Eine Stunde nachdem wir uns zum Aufbruch entschlossen hatten, wurden fünf Sänften, jede mit vier Trägern und zwei Ersatzmännern, zum Eingang der Höhle gebracht. Eine Schar von fünfzig bewaffneten Amahaggern bildete die Eskorte und trug das Gepäck. Drei der Sänften waren für uns, eine für Billali bestimmt, der uns, wie ich zu meiner Erleichterung erfuhr, begleiten wollte. Die fünfte war anscheinend für Ustane.

»Kommt die Dame mit uns, mein Vater?« fragte ich Billali, der die Vorbereitungen beaufsichtigte. Achselzuckend erwiderte er:

»Wenn sie will. In unserem Lande tun die Frauen, was ihnen beliebt. Wir verehren sie und lassen ihnen ihren Willen, denn ohne sie könnte die Welt nicht bestehen; sie sind der Quell des Lebens.«

»Ah«, sagte ich, denn bisher war mir die Sache noch nie in diesem Licht erschienen.

»Ja, wir verehren sie«, fuhr er fort, »daß heißt, bis zu einem gewissen Punkt - bis sie unerträglich werden. Das«, fügte er hinzu, »ist bei jeder zweiten Generation der Fall.«

»Und was tut ihr dann?« fragte ich neugierig.
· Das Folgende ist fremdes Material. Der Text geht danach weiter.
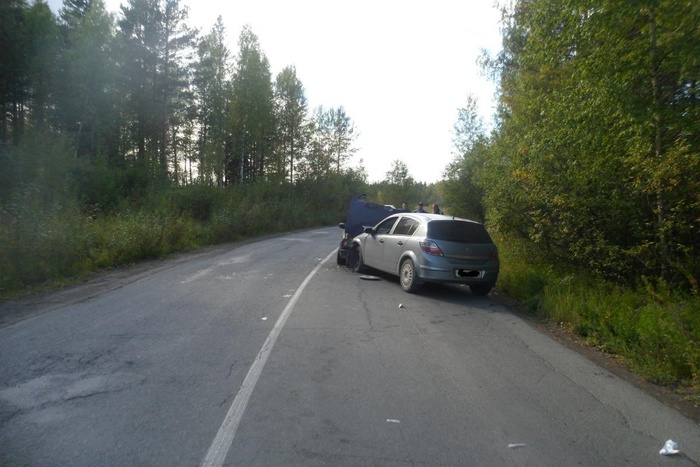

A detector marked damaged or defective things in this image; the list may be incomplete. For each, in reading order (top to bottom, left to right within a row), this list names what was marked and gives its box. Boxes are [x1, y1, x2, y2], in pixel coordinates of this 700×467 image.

damaged silver hatchback [348, 213, 500, 294]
»Dann«, erwiderte er mit leisem Lächeln, »raffen wir uns auf und töten die alten, um die jungen zu warnen und um ihnen zu zeigen, daß wir die Stärkeren sind. Auf diese Weise wurde vor drei Jahren meine arme Frau getötet. Es war sehr traurig, aber ehrlich gesagt, mein Sohn, mein Leben ist seither viel schöner, denn vor den jungen schützt mich ja mein Alter.«

»Kurz gesagt«, antwortete ich, einen Politiker zitierend, dessen Weisheit das Dunkel der Amahagger noch nicht erhellt hat, »du hast mehr Freiheit und weniger Verantwortung.«

Er schien über diesen Ausspruch zuerst ein wenig erstaunt, doch schließlich pflichtete er mir bei.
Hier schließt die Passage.